**EXERCISE GOAL**. Which lines of the entries below hold the word "area"? Report each of them.

**Web page caption snippets**.
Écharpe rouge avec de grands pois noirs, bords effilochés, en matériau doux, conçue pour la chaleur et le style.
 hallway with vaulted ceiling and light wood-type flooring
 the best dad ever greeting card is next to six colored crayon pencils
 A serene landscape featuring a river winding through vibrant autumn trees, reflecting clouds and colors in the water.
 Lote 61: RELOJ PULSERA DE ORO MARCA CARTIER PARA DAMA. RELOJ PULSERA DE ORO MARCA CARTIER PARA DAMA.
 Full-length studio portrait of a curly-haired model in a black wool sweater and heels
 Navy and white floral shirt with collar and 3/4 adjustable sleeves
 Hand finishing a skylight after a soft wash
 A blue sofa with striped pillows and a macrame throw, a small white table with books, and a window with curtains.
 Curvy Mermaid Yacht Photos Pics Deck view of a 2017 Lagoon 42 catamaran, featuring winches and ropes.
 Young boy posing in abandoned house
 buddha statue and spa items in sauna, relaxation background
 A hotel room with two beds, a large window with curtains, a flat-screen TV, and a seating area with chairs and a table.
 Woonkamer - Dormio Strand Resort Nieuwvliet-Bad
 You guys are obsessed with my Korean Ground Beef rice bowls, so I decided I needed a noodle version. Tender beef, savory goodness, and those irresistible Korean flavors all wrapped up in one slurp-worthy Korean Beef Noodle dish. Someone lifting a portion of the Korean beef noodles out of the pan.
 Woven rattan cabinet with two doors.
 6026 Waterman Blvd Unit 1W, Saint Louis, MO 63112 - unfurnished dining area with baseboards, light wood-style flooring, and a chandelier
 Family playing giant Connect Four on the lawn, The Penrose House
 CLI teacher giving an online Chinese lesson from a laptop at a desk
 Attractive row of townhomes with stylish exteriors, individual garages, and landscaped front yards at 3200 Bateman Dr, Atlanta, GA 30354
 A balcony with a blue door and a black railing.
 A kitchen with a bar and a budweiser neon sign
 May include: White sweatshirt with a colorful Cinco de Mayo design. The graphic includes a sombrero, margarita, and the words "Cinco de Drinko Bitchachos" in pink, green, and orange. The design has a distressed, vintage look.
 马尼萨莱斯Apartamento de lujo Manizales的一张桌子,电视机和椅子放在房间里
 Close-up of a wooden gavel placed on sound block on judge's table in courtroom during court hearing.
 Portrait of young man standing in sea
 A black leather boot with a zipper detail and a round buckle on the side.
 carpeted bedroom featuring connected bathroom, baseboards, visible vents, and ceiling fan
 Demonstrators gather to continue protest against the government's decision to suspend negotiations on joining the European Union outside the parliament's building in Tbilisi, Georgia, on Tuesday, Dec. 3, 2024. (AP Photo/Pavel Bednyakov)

**TASK OUTPUT**.
 A hotel room with two beds, a large window with curtains, a flat-screen TV, and a seating area with chairs and a table.
 6026 Waterman Blvd Unit 1W, Saint Louis, MO 63112 - unfurnished dining area with baseboards, light wood-style flooring, and a chandelier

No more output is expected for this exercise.